Peter Fechter verblutet im Todesstreifen - niemand hilft!
An diesem Abschnitt der Berliner Mauer herrscht zu diesem Zeitpunkt eine grauenvolle Atmosphäre. Peters Kumpel Helmut hat es in den Westen geschafft und wird von der Polizei fortgeführt. Peter Fechter jedoch liegt schwerverletzt im Todesstreifen. Vier Grenzsoldaten haben auf ihn geschossen. Auch hinter der Mauer, im Westen, ist sein Schreien um Hilfe zu hören. Doch niemand kommt. Peter Fechter bekommt keine Hilfe. Eine Dreiviertelstunde liegt er mit einer offenen Bauchwunde langsam sterbend am Boden.
Als Herbert Ernst endlich an der Mauer ankommt, muss er sich zunächst orientieren. Von West-Berliner Seite kann er kaum sehen, was hinter der Mauer geschieht. Er fragt herumstehende Polizisten, doch auch sie scheinen von den Geschehnissen überrascht und hilflos. Ernst erkennt seinen befreundeten Fotografen Wolfgang Bera von der "Bild"-Zeitung, der sich direkt auf die Mauer wagt und Bilder macht. So wagt sich auch Ernst heran. Er springt auf ein kleines Podest, stößt den darauf stehenden Polizisten zur Seite und beginnt zu filmen.
Der Tod an der Mauer, auf Zelluloid gebannt
Kurz darauf tragen DDR-Grenzer den sterbenden Peter Fechter aus dem Todesstreifen.
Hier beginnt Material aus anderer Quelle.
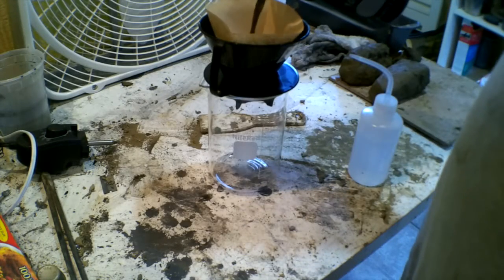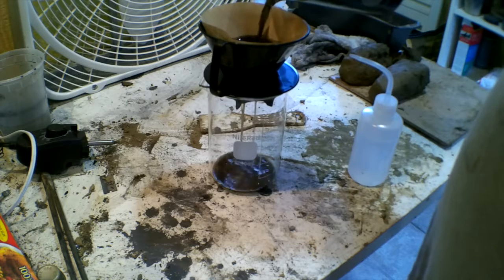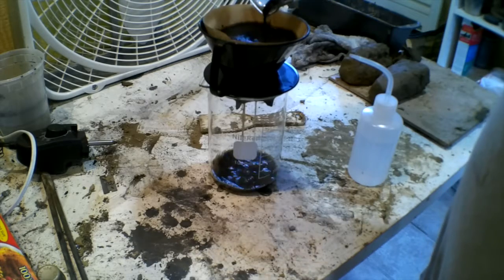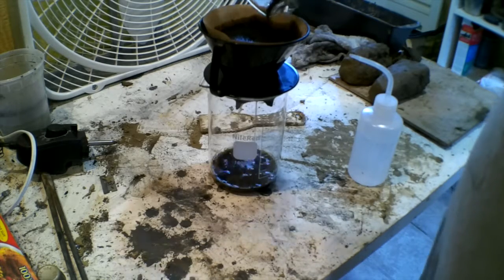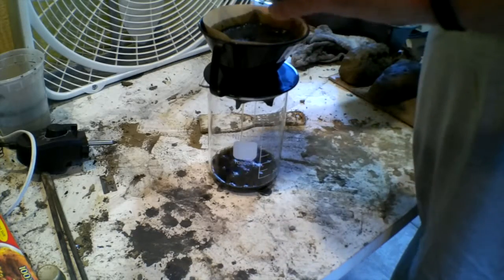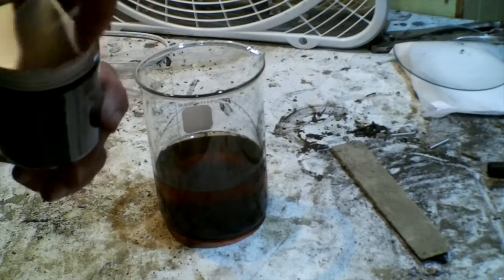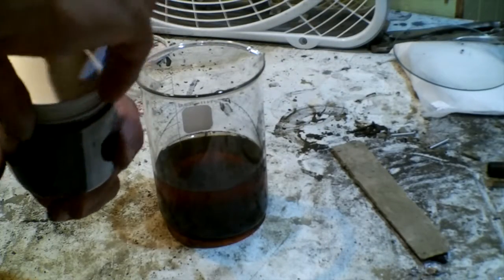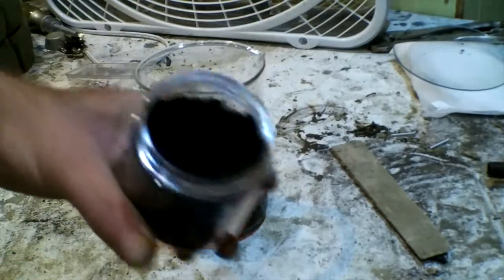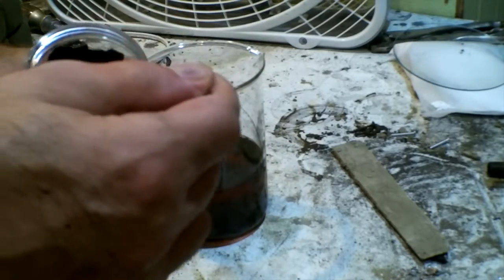Let's filter it off and see if I got anywhere. Well, not so much. In fact, I'm going to say that carbon actually might be causing me a problem. I might have gotten it more finely divided than I thought.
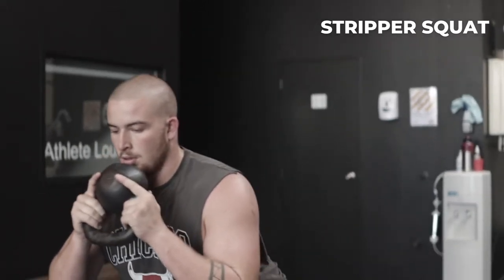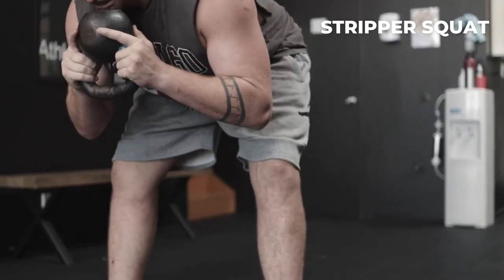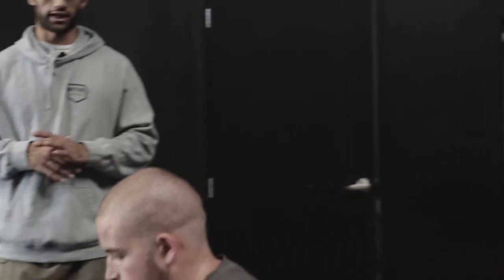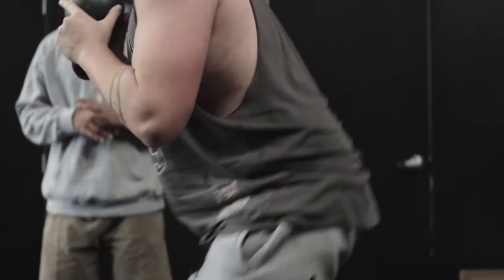Kettlebell super squat — we can use any variation of weight for this, but in this case we're going to use a kettlebell. Try to keep the kettlebell nice and close to the body, and then as we perform the movement we're going to be squatting down as low as we can, lifting the hips and extending the knees first.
Für Gefühle ist jetzt keine Zeit. Herbert Ernst dreht und dreht. Die Kamera fängt ein, wie Peter Fechter von aufgeregten Soldaten in eine Ost-Berliner Nebenstraße getragen wird, um kurz darauf zu sterben. Später wird Herbert Ernst immer wieder an dieses Bild denken. "Wie einen nassen Sack – schrecklich, schrecklich". Ernst filmt die herumstehenden Menschen, in Ost und West, die die Szenerie verfolgen. Er filmt auch US-amerikanische Soldaten, die vom wenige Meter entfernt liegenden Checkpoint Charlie herübergeeilt sind. Auch sie stehen hilflos herum.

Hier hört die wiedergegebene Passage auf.